Monday, March 22, 2010

Spun out by a great New York novel


I have just finished Colum McCann's colossal New York novel 'Let the Great World Spin'. Several different narrators weave in and out of each other's lives against the back drop of Philipe Petit's infamous tightrope walk between the twin towers of the World Trade Center in 1974.


It's one of those books which is so beautifully written you have to keep putting it aside just to digest the use and choice of words. I loved the idea of taking that incredible walk as an underlying theme - the idea that Petit did something so audacious and creative and made something put of thin air - yet that walk, that view doesn't exist anymore. As McCann writes, "The tightrope walk was an act of creation that seemed to stand in direct defiance to the act of destruction twenty seven years later".

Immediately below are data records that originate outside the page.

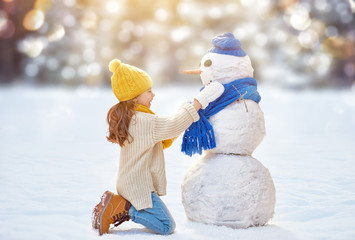 Wall Mural - girl playing with a snowman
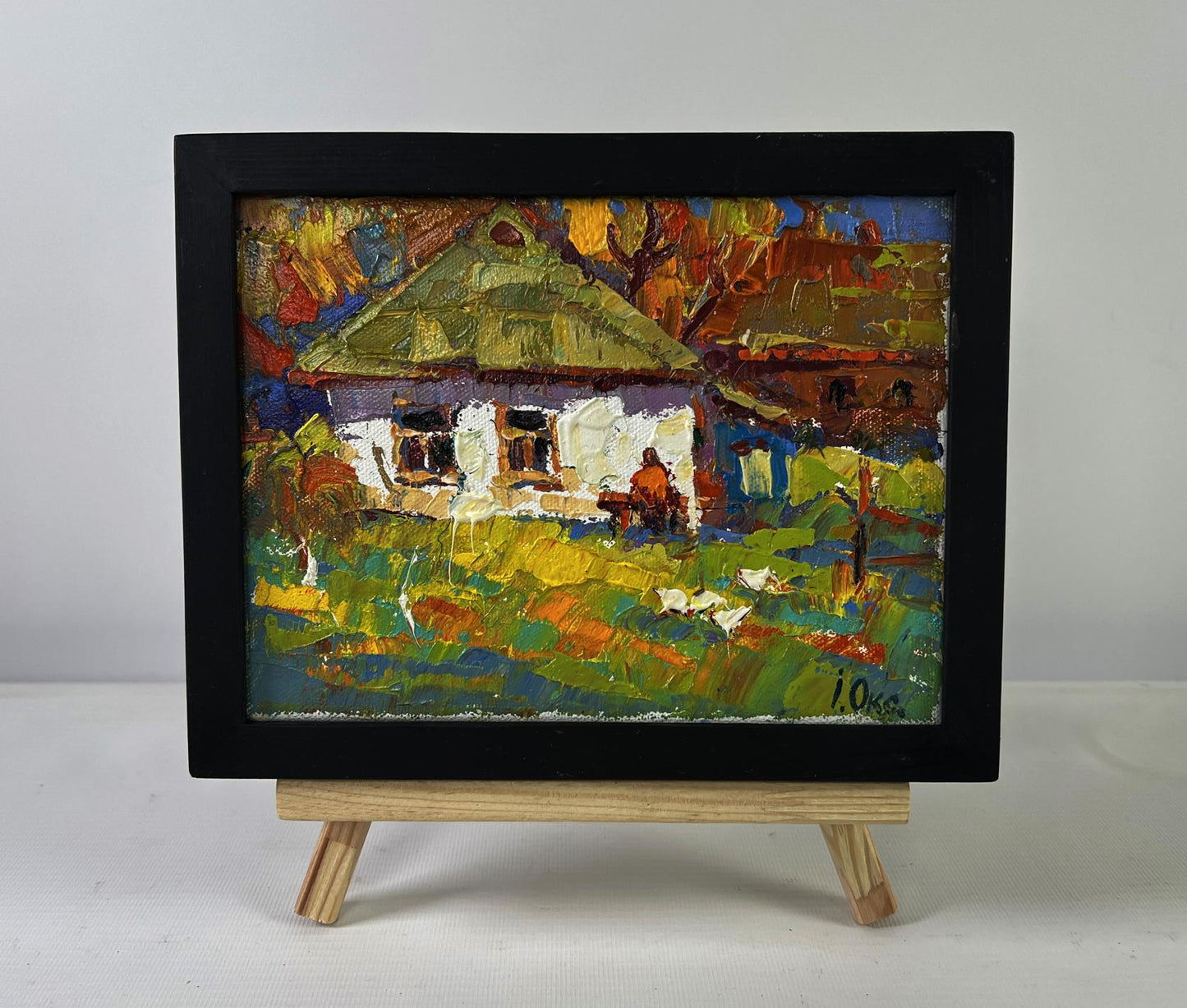 Vibrant impressionistic oil painting of rustic village by Oksana Ivanyuk in black frame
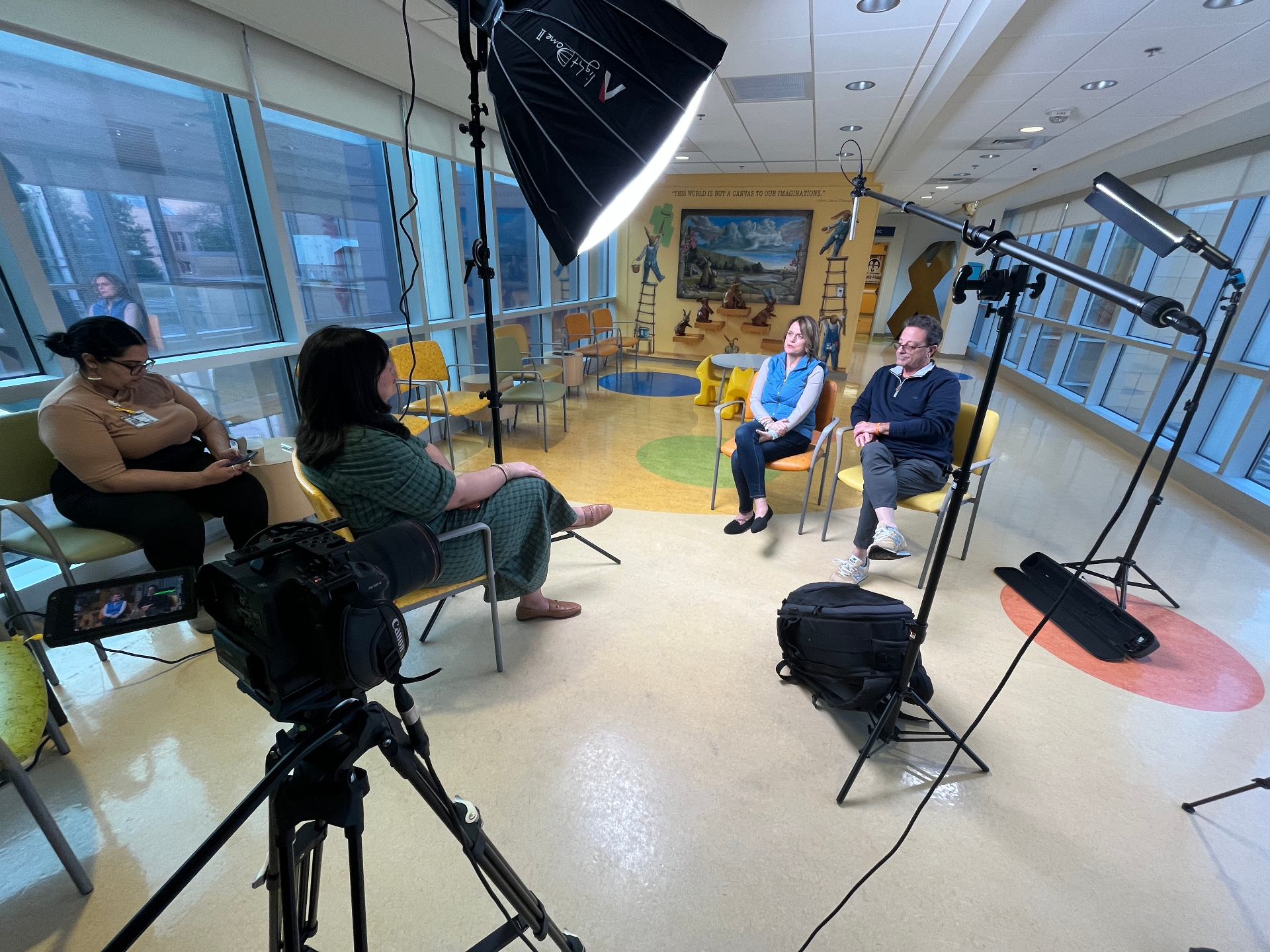 A small crew setting up an interview in a hospital waiting room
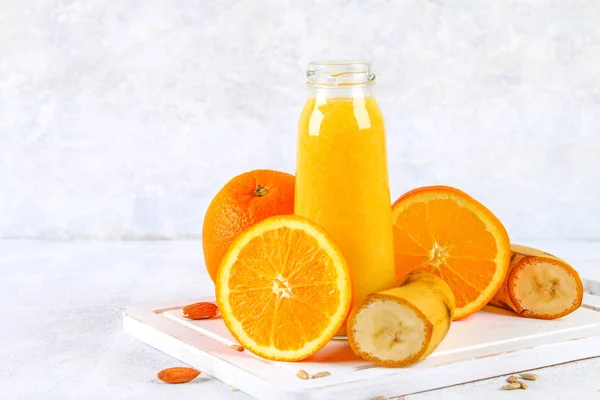 Orange smoothies from orange, banana on a gray concrete table.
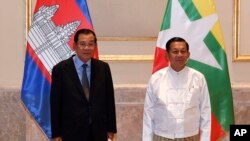 Cambodian Prime Minister Hun Sen, left, poses for photographs together with Myanmar State Administration Council Chairman, Senior General Min Aung Hlaing, right, before holding a meeting in Naypyitaw, Myanmar, Friday, Jan. 7, 2022. (An Khoun SamAun/National Television of Cambodia via AP)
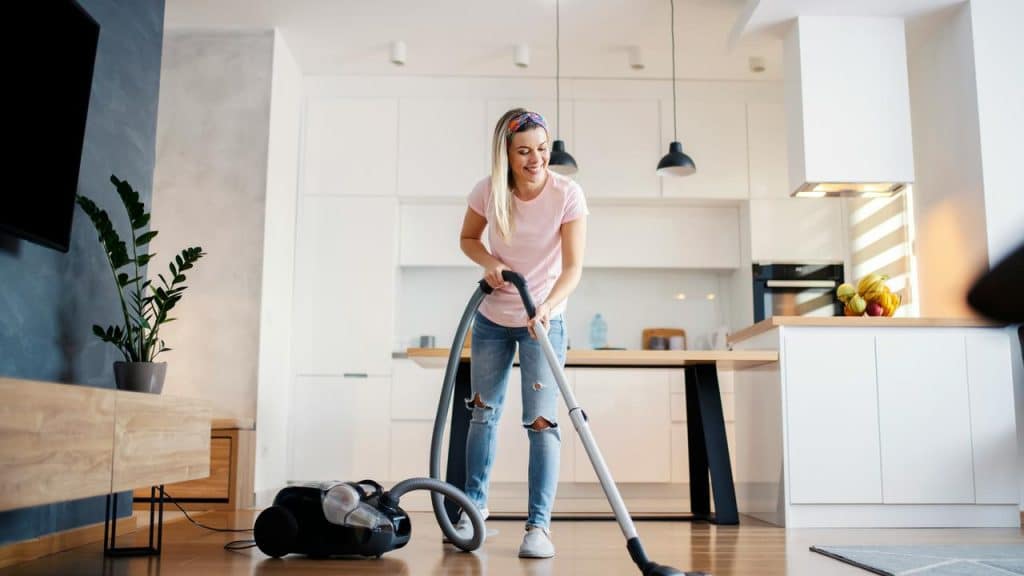 A person vacuuming the floor in a modern kitchen.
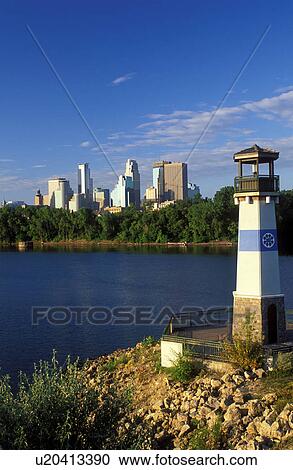 Stock Image -  lighthouse, skyline, Minneapolis, MN, Minnesota, Twin Cities, Lighthouse at Boom Island Park along the Mississippi River. Downtown skyline in the background.. Fotosearch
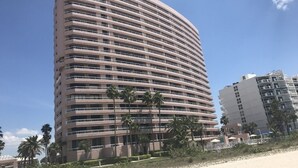 A tall, curved hotel building with multiple balconies, located near a beach with palm trees and other buildings in the background.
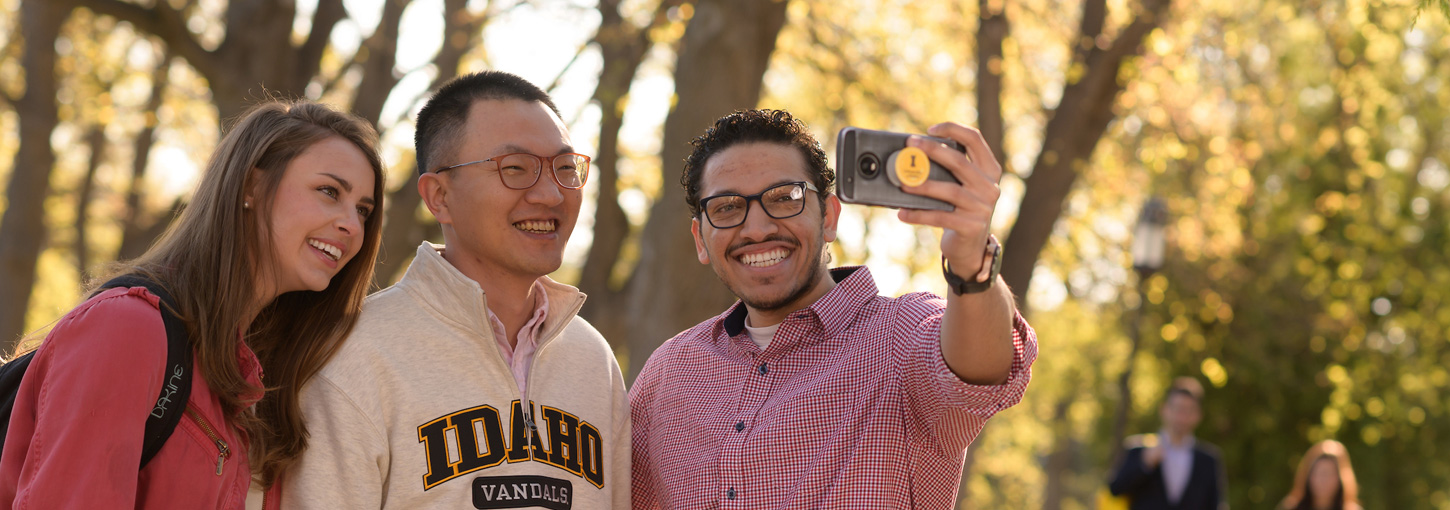 A student takes a selfie with two friends on the Administration Lawn.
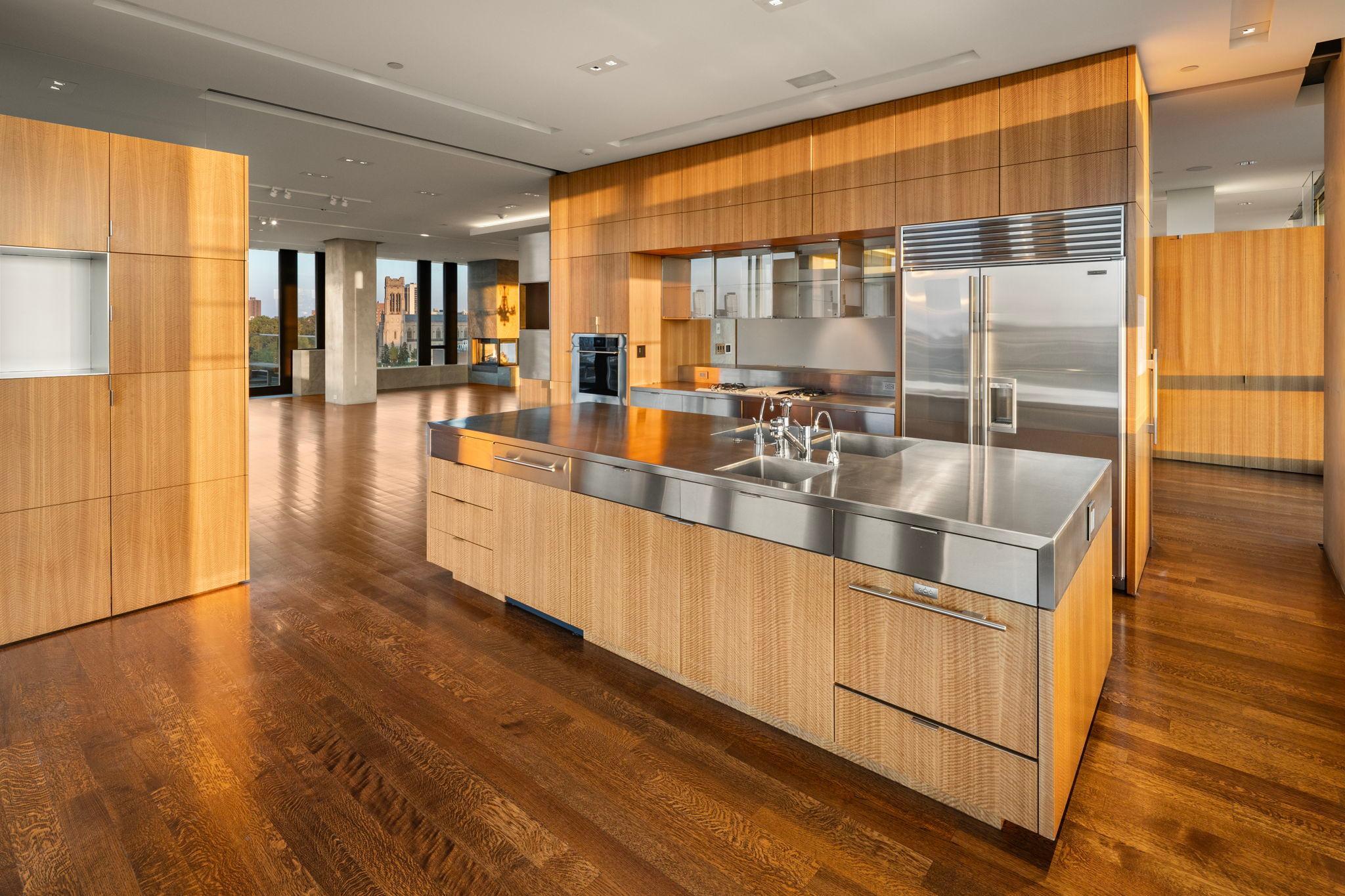 Custom designed center island kitchen with stainless steel counters and almost endless cabinetry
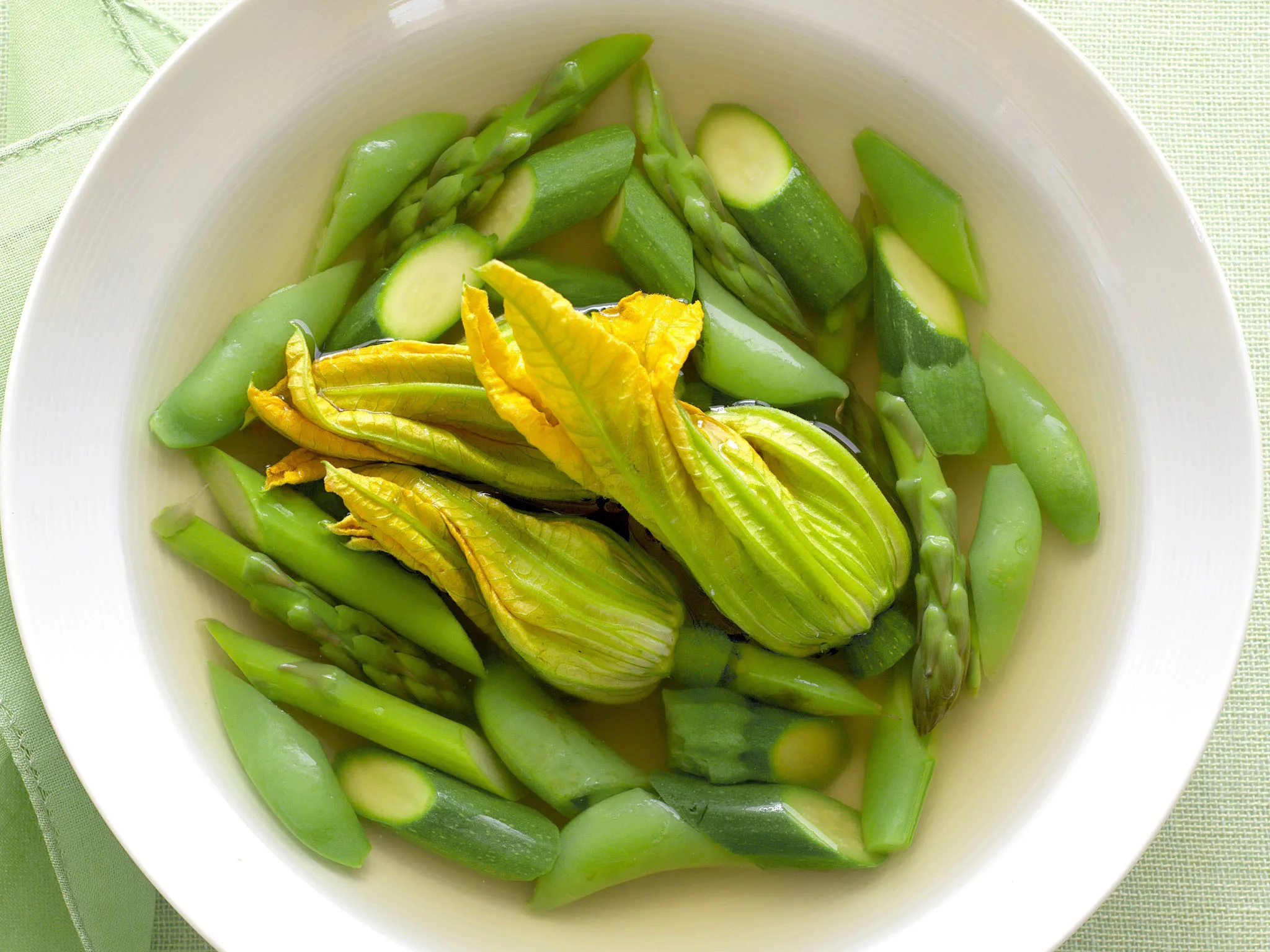 SPRING VEGETABLE BROTH WITH CHEESE-FILLED ZUCCHINI FLOWERS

The book isn't explicitly a 9/11 novel, but Colum McCann was inspired to write it after his father in law escaped from his office in the north tower, and walked to the family home covered in that grim dust. It's true too that every time you picture the tiny figure balancing between those two towers, you can't help but think what came afterwards, and how New York as a city was united by those two episodes in very different ways. It's definitely story which feeds off New York city - from the Bronx projects aflame to a Park Avenue penthouse.


We went to hear Colum McCann talk about the novel a few weeks ago at the Powerhouse Arena in DUMBO, and it was refreshing to hear someone talk honestly about the length of time it takes to write a book - and the difficulty of speaking in voices which are not your own.